Federico de Castro, que ve muchos desaciertos en el Código, desde su propia estructura —que es, más que antigua, arcaica, porque procede de la tripartición de Gayo— hasta su falta de carácter renovador o innovador, acaba diciendo que es «una buena obra española». Y es cierto: es claro y terso el lenguaje —muy distinto del de casi todas las reformas que se le han hecho— y equilibrado y prudente el fondo. Los preceptos son cortos y fácilmente comprensibles. Se hizo para que se entendiera, y se consiguió. Además es un código, lo que ya de por sí es una virtud: trata muchas materias y las trata ordenadamente. Esas materias se refieren a la vida diaria: desde el nacimiento de la persona hasta su muerte. Nosotros no tenemos un Stendhal que todas las mañanas leyera unos artículos del Código civil para inspirarse, pero cualquiera de nuestros buenos prosistas de la generación del 98 podría haberlo leído con provecho.

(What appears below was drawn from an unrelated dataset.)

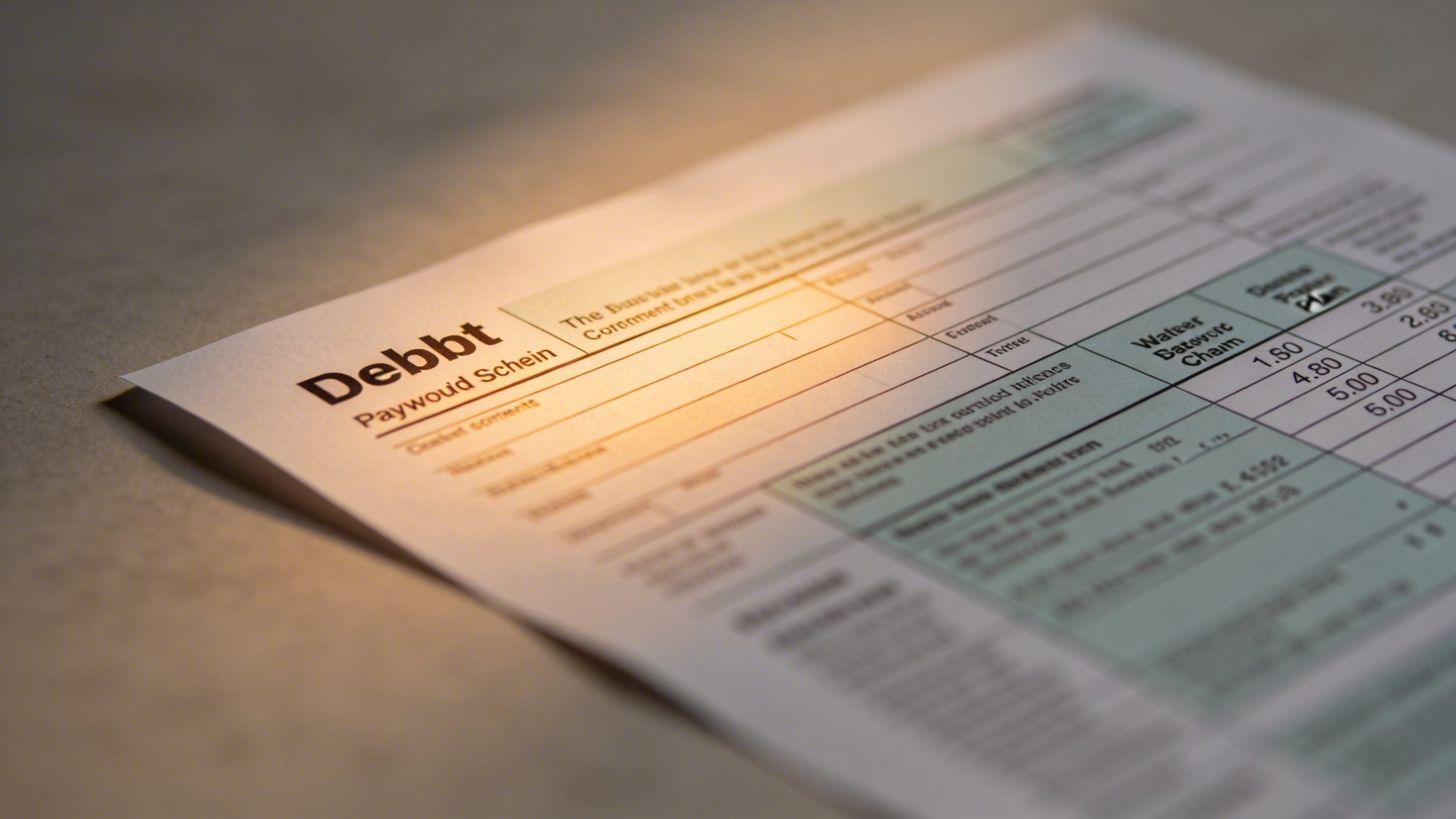 Focused shot of a lone debt statement with a highlighted payoff plan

La Reina Regente no sólo tenía la seriedad germánica, sino que tenía la firme voluntad de ejercer bien su oficio. Conoció desde niña el rigor de la corte austrohúngara, y supo guardar la compostura desde el primer instante en que pisó Madrid, un Madrid que aún lloraba la muerte de la Reina Mercedes, y que le cantaba a su marido aquello de «dónde vas Alfonso XII, dónde vas, triste de ti…». Nuestro Código civil no tiene iconografía ensalzatoria. No es imaginable, en España, un cuadro como el de Mauzaisse, con la Reina Regente montada sobre una nube y firmando el Código civil con una pluma de avestruz. Nos faltaba grandeur, o nos sobraba sobriedad. Pero lo que el cuadro del pintor francés simboliza sigue siendo verdad aquí, en España: el Código civil ha sobrevivido a ese anciano con guadaña que es el tiempo. Los juristas le tenemos respeto y afecto. Hay que actualizar lo que ciento treinta años de vigencia hayan podido desgastarlo, y hay que hacerlo con cuidado: la técnica legislativa codificadora no es la técnica legislativa general. Tiene otras exigencias, que hay que tener muy presentes.